Voici donc le dernier volet de cette série d’articles dédiée à la compensation écologique. Après la phase études puis celle des travaux, le suivi est une étape cruciale. C’est aussi la plus longue, car elle s’étend souvent sur plusieurs dizaines années, et mobilise donc des moyens humains et financiers sur l’ensemble de cette période. Encore un argument de plus pour ne pas négliger de réduire et d’éviter au maximum les impacts sur l’environnement dans l’approche ERC.
Sa durée est au moins égale à la durée d’exploitation du projet. Le suivi s’enclenche dès la fin des travaux. Selon les mesures compensatoires mises en œuvre, le bureau d’étude, et/ou l’association locale missionnée, organisera :
- Les suivis naturalistes pour la faune, la flore, les cours d’eau, les mares et les zones humides, à partir d’un planning et de protocoles validés avec les Services de l’État ;
- Le suivi des échanges avec les parties prenantes impliquées dans le maintien des mesures compensatoires. Par exemple les exploitants agricoles en cas de parcelles faisant l’objet de baux agricoles.
Le suivi peut déclencher la mise en œuvre d’actions d’entretien, voire d’actions correctives si l’efficacité d’une mesure compensatoire est compromise.
Pérenniser les mesures compensatoires
Ces mesures ont pour objectif d’assurer l’équivalence écologique une fois le projet finalisé — une déviation routière, une ZAC, un parking, un lotissement…
Or, la trajectoire écologique d’un habitat naturel n’est pas une science linéaire. Des plantations récentes peuvent nécessiter une reprise de plants dans un premier temps, puis une taille régulière les années suivantes. Des habitats restaurés en vue d’accueillir certaines espèces d’oiseaux protégées devront faire l’objet de toutes les attentions pendant toute la durée d’exploitation du site.
Ici, le dialogue régulier avec les propriétaires et gestionnaires des sites de compensation est essentiel. Car l’entretien et la pérennisation des mesures compensatoires sont étroitement liés à leur intervention sur leur terrain. Leur action est encadrée par un cahier des charges, associé à la convention ou au bail en fonction des modalités de sécurisation foncière. Celui-ci peut intégrer par exemple, un encadrement des travaux de fauche, des pressions de pâturage, des limites des zones de culture.

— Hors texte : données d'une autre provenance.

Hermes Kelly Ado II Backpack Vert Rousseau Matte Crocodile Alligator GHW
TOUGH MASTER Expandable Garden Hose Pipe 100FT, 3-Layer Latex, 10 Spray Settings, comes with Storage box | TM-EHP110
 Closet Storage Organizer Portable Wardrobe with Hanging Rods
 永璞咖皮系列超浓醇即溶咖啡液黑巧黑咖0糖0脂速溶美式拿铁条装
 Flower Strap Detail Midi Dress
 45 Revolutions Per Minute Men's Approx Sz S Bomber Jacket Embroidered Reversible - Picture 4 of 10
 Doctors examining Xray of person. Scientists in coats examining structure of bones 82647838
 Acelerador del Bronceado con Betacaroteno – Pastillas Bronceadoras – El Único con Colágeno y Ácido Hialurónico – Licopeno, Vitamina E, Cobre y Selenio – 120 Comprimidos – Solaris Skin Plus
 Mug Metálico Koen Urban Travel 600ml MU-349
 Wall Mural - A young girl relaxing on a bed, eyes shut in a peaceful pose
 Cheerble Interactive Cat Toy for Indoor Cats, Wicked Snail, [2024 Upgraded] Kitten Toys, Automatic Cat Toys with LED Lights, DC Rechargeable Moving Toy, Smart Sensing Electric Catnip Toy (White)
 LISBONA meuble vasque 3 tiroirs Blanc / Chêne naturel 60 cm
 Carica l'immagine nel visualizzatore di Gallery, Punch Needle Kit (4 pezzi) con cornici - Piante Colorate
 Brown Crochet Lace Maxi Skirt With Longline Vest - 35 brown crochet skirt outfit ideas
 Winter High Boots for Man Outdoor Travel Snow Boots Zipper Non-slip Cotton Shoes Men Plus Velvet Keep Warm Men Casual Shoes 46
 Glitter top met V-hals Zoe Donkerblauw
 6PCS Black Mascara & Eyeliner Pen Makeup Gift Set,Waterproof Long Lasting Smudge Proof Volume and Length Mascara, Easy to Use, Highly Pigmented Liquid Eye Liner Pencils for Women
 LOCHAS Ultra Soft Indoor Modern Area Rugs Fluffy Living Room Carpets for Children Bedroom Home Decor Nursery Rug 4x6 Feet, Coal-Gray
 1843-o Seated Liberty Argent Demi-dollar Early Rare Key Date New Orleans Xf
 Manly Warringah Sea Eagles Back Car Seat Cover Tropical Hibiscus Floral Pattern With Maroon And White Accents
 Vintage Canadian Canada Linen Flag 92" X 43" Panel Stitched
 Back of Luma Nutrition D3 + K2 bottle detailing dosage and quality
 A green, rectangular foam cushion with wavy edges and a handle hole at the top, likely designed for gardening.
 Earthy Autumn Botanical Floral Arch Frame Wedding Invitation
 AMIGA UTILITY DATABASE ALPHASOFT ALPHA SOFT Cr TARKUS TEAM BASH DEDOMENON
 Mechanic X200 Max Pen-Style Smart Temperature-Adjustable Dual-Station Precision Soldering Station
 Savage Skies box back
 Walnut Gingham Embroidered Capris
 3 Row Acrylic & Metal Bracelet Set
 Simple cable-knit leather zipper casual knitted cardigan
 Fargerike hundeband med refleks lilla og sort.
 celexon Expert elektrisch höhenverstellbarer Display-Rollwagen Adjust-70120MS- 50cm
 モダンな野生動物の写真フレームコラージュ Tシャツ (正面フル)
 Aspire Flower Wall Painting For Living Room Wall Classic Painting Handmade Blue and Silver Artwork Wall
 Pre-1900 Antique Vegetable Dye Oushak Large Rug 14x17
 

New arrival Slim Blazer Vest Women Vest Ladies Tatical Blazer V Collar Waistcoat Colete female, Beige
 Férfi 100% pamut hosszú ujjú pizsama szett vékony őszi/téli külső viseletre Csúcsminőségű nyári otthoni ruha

Pérenniser la maitrise du foncier
C’est un prérequis à la pérennité des mesures compensatoires, que le maître d’ouvrage ait la maîtrise foncière du terrain, soit par acquisition, soit par conventionnement avec le propriétaire. Les conventionnements par ORE (pour obligations réelles environnementales) sont un nouveau dispositif introduit par la Loi Biodiversité de 2018. Le maitre d’ouvrage, et son bureau d’études s’il est accompagné, doit aussi anticiper les différents cas de figure et imprévus pour garantir la maitrise du foncier sur 10, 20, 30 ans. Notamment en cas de décès du propriétaire si conventionnement il y a, ou de rétrocession à une collectivité publique si ce scénario est envisagé.
Se pose d’ailleurs la question de l’après : qu’adviendra-t-il de ces terrains et milieux naturels restaurés, réhabilités ou réaffectés une fois la durée d’exploitation écoulée ? La ou les réponse(s) reste(nt) pour le moment en suspens. Car la compensation écologique est récente, et les retours d’expérience encore peu nombreux dans la durée. Pour autant, sur ces sites, comme tant d’autres, la nature est intimement liée à l’intervention humaine.
Cette dernière phase de suivi est donc plus complexe et complète qu’elle n’en a l’air de prime abord. Elle vise à contrôler et à entretenir, à anticiper, et à engager le dialogue avec toutes les parties prenantes, dans un objectif commun : préserver les milieux naturels restaurés, dans la durée.